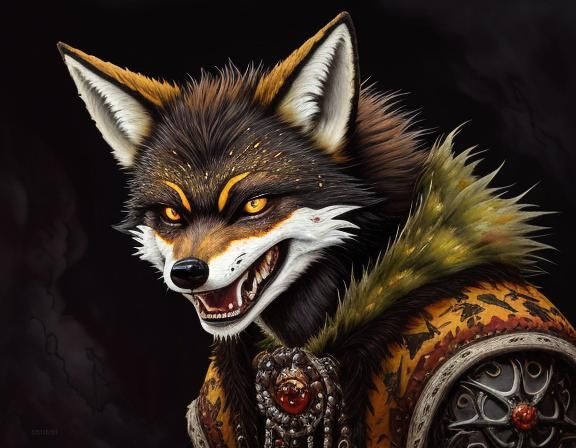 Damaged Jackal-Fox-Wolf Mask in Punk-Goth Style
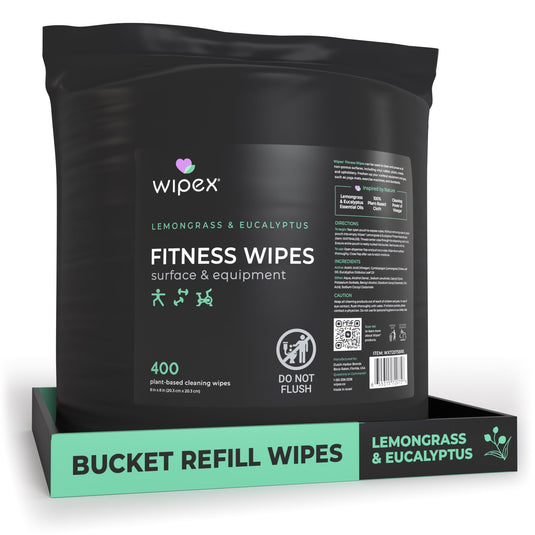 Wipex 400ct Natural Gym Wipes for Fitness Equipment | Portable Dispensing Bucket & Refill | Plant-Based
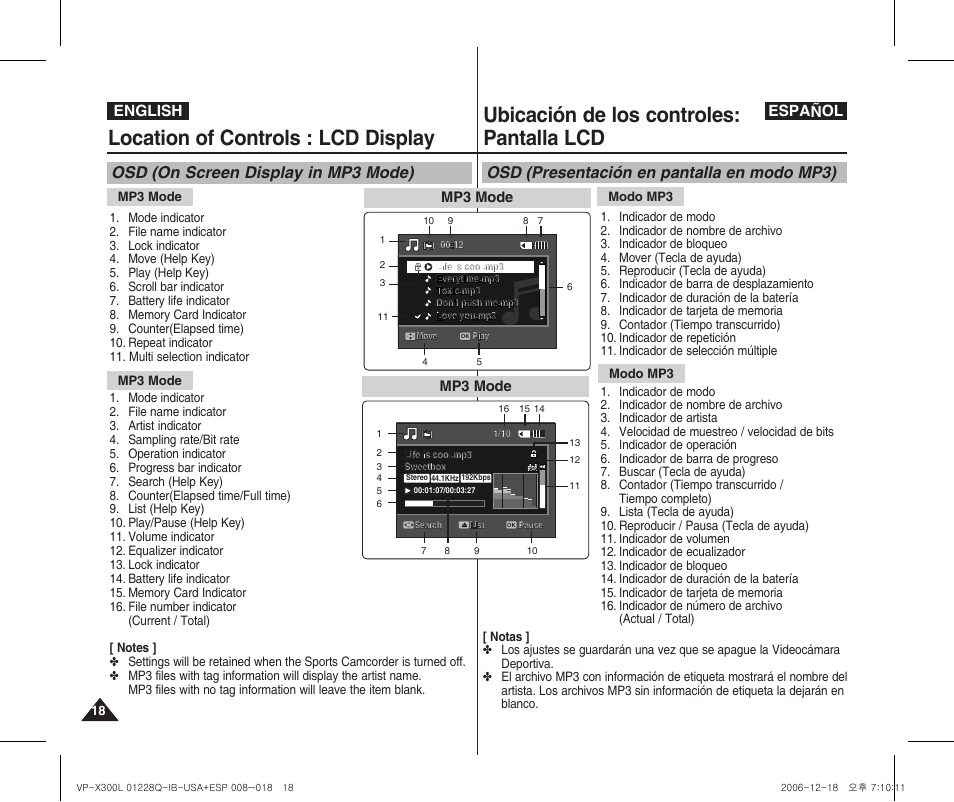 Location of controls : lcd display, Ubicación de los controles: pantalla lcd, Osd (on screen display in mp3 mode) | Osd (presentación en pantalla en modo mp3), English español | Samsung VP-X300 User Manual | Page 18 / 117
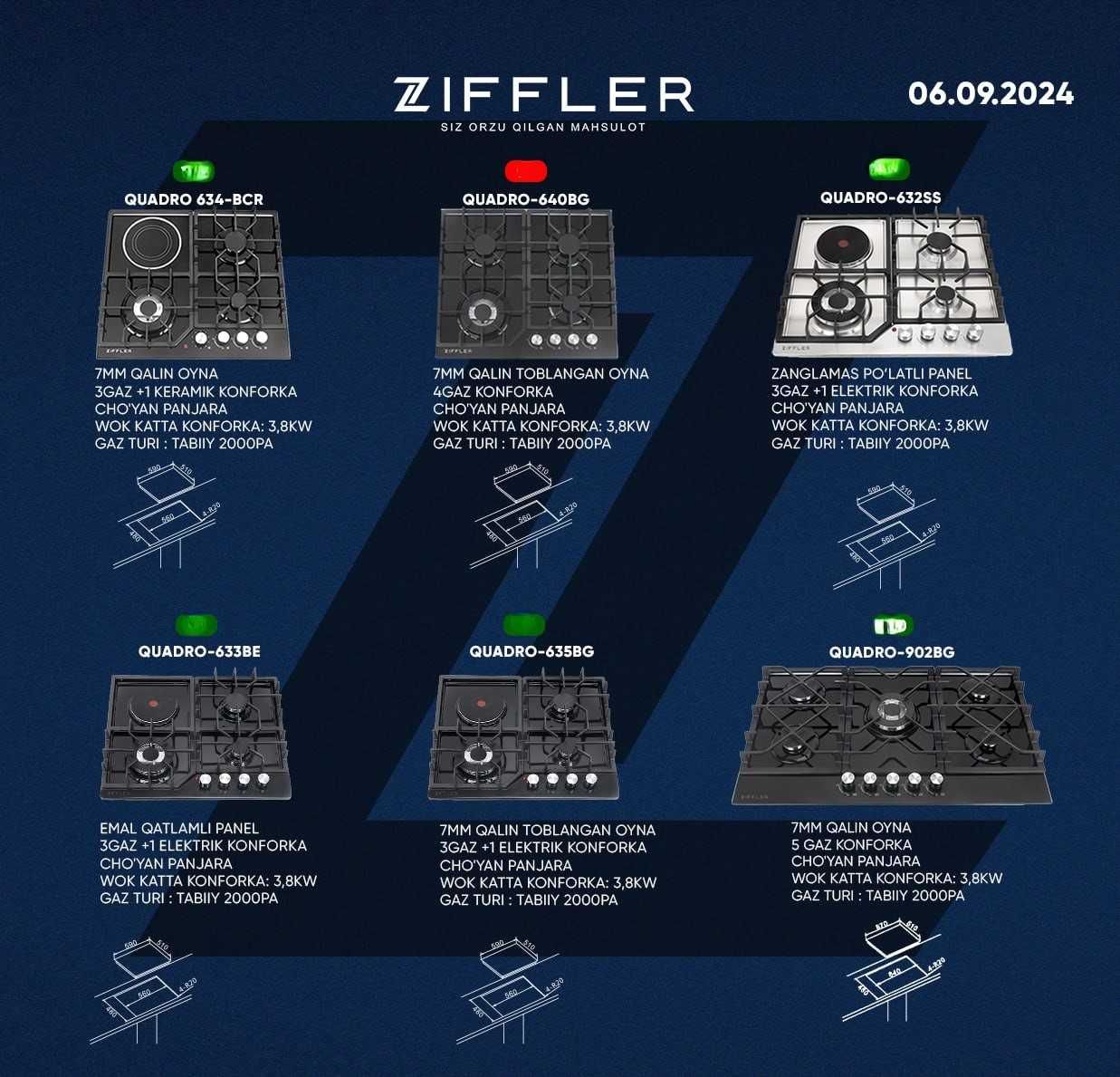 Варочные панели Ziffler в большом ассортименте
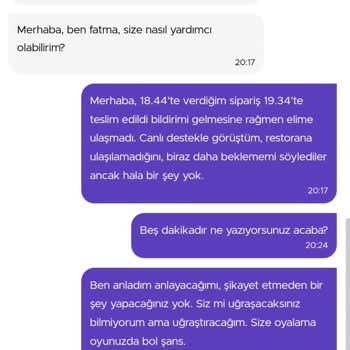 Getir Yemek Yok Olan Sipariş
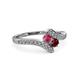 3 - Eleni Rhodolite Garnet and Ruby with Side Diamonds Bypass Ring 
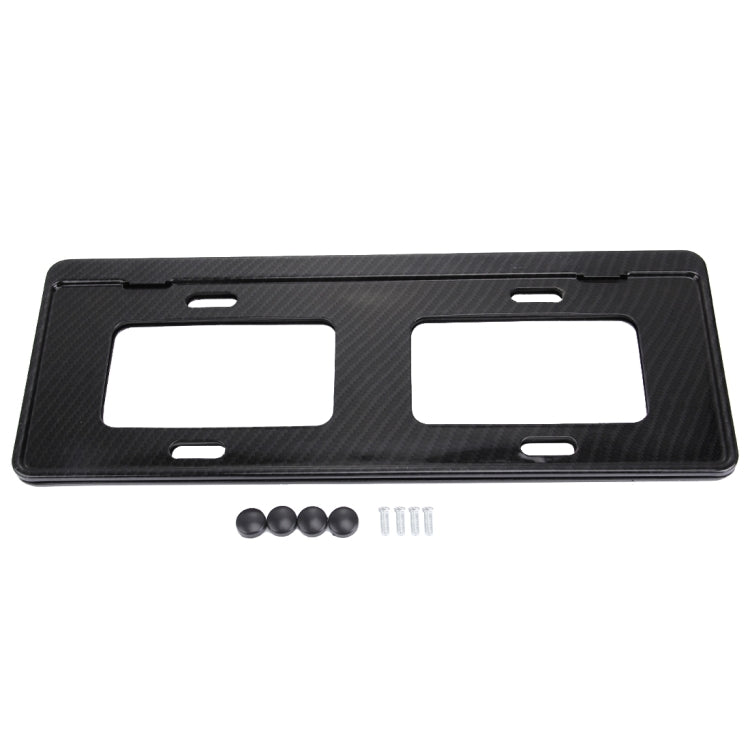 2 PCS Car License Plate Carbon Fiber Bracket Frame Holder Stand Mount(Black), Carbon Fiber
________________________
== Task instructions ==
Every entry, exactly as written: transcribe it, passing over any pictures.

== Expected answer ==
 Damaged Jackal-Fox-Wolf Mask in Punk-Goth Style
 Wipex 400ct Natural Gym Wipes for Fitness Equipment | Portable Dispensing Bucket & Refill | Plant-Based
 Location of controls : lcd display, Ubicación de los controles: pantalla lcd, Osd (on screen display in mp3 mode) | Osd (presentación en pantalla en modo mp3), English español | Samsung VP-X300 User Manual | Page 18 / 117
 Варочные панели Ziffler в большом ассортименте
 Getir Yemek Yok Olan Sipariş
 3 - Eleni Rhodolite Garnet and Ruby with Side Diamonds Bypass Ring 
 2 PCS Car License Plate Carbon Fiber Bracket Frame Holder Stand Mount(Black), Carbon Fiber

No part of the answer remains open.